<<<<

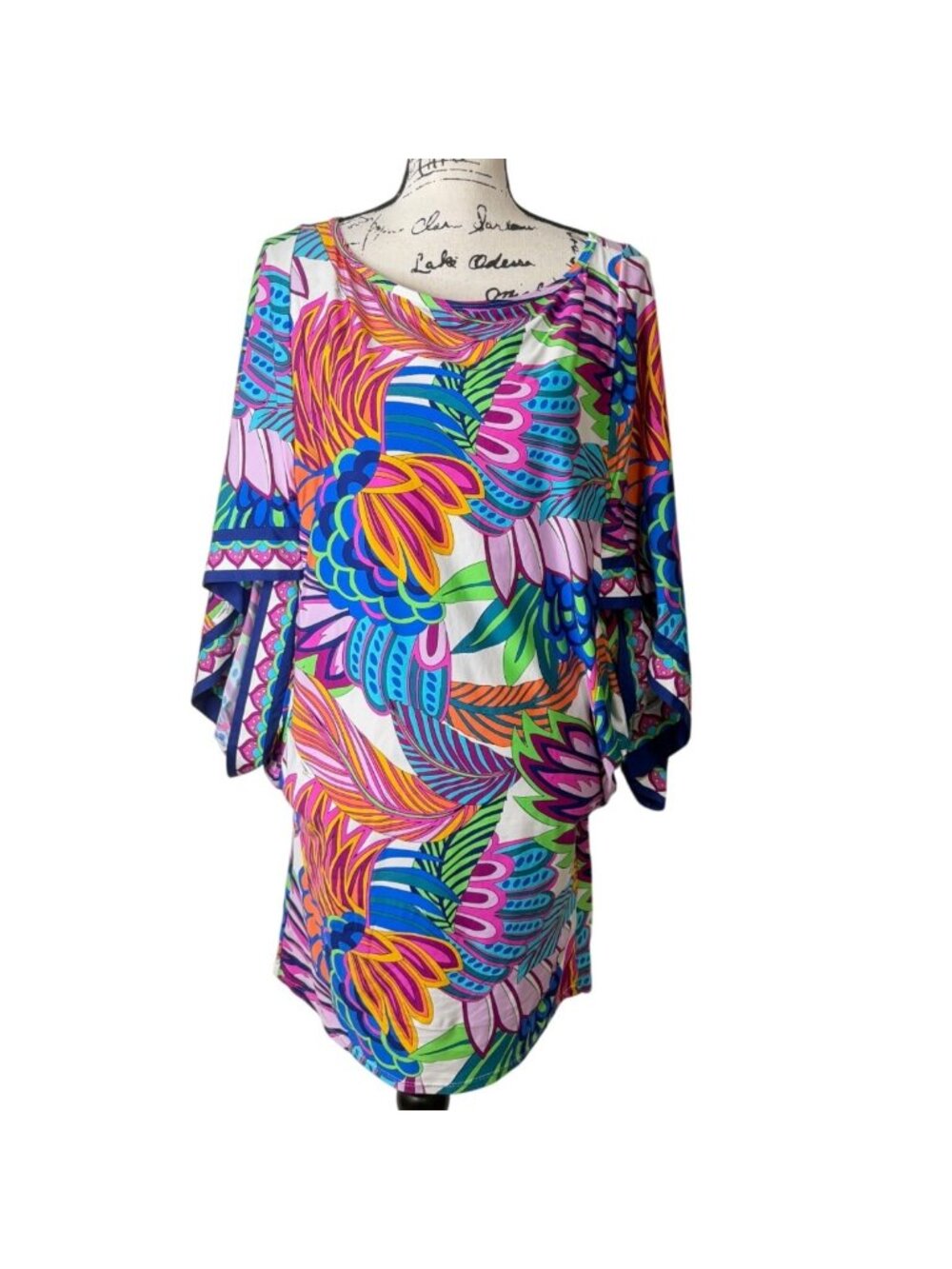 Trina Turk Womens Size M Paradise Plume Dress Swim Cover Up Tunic Tropical Beach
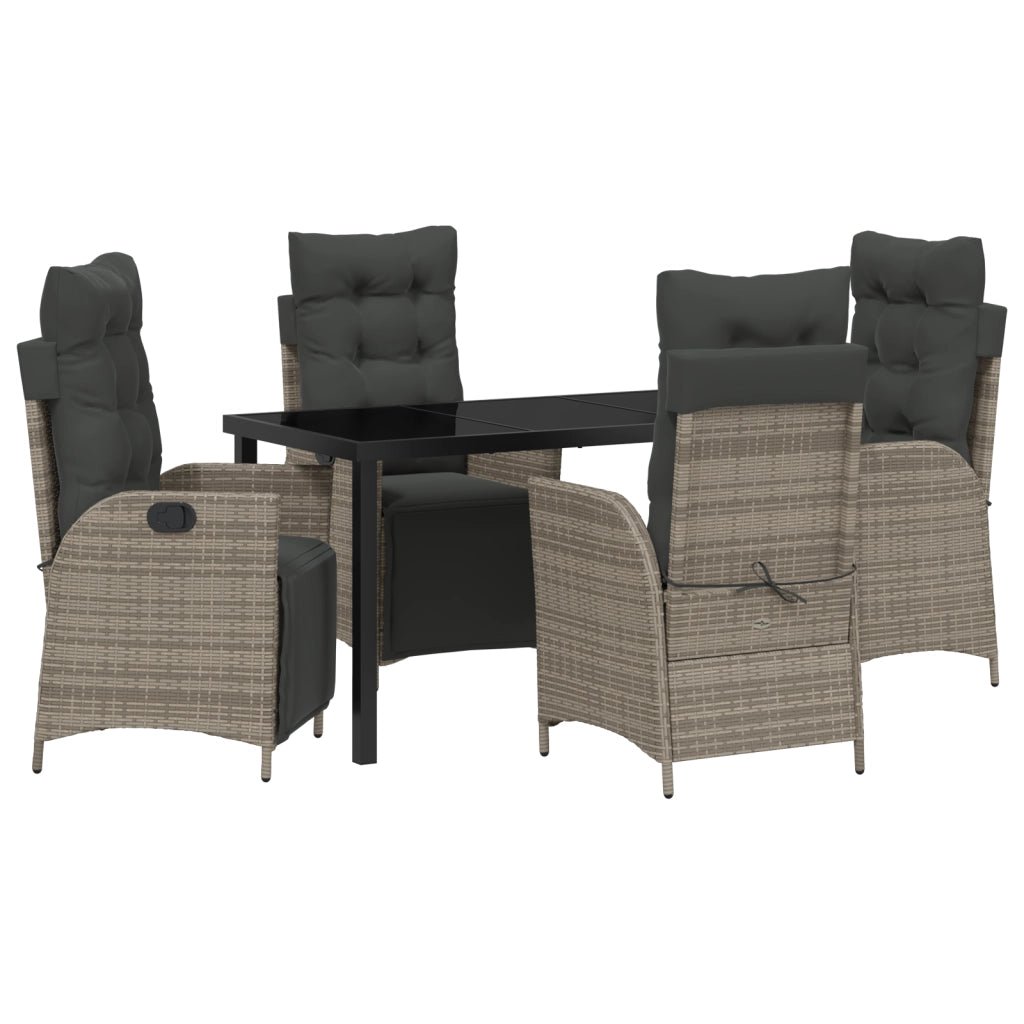 Set di Mobili da Giardino 5 Pezzi Grigio Rattan Polimerico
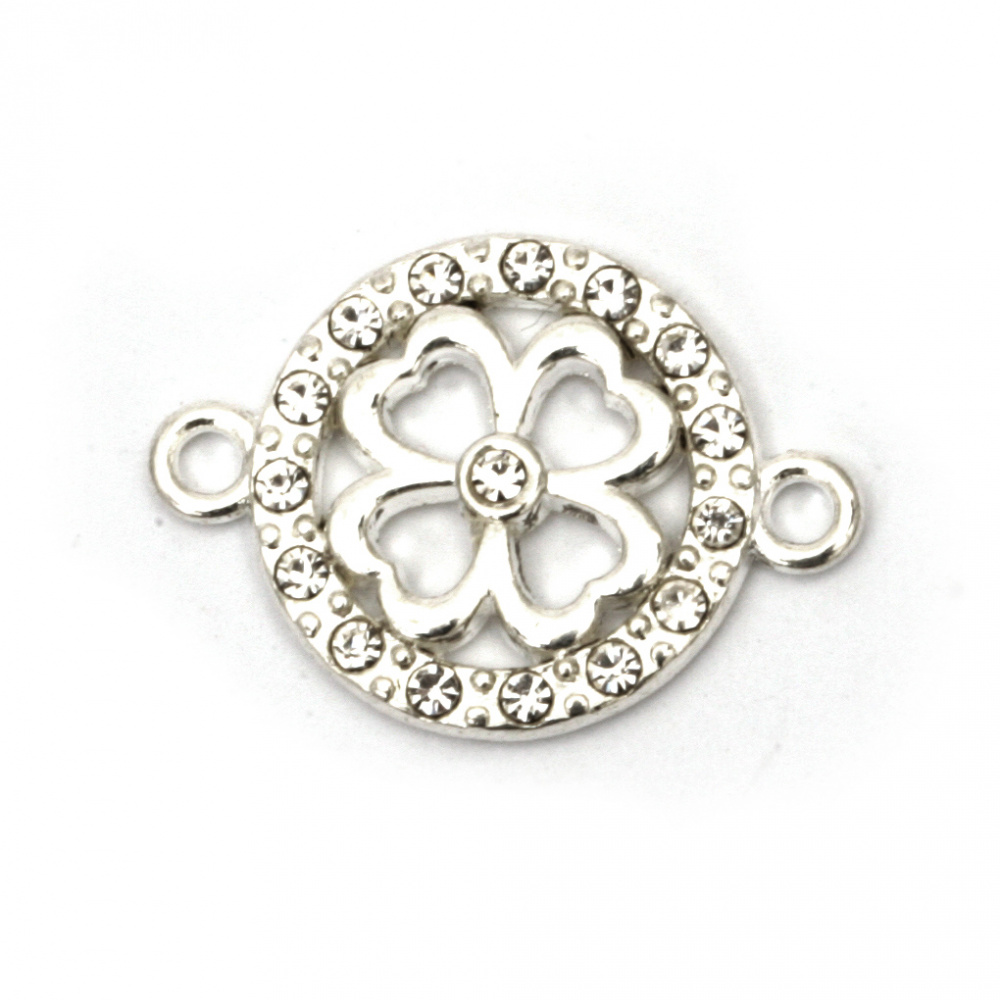 Metal Round Connector Charm - Silver Clover with Crystals, Double Loops, Link Charm for Jewelry Making, 21x15x2.5 mm, Hole: 1.5 mm, 2 pieces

>>>>

PROBLEM
Only the pictures are to be left out; restate everything else in the listing word for word.

WRITTEN ANSWER
 Trina Turk Womens Size M Paradise Plume Dress Swim Cover Up Tunic Tropical Beach
 Set di Mobili da Giardino 5 Pezzi Grigio Rattan Polimerico
 Metal Round Connector Charm - Silver Clover with Crystals, Double Loops, Link Charm for Jewelry Making, 21x15x2.5 mm, Hole: 1.5 mm, 2 pieces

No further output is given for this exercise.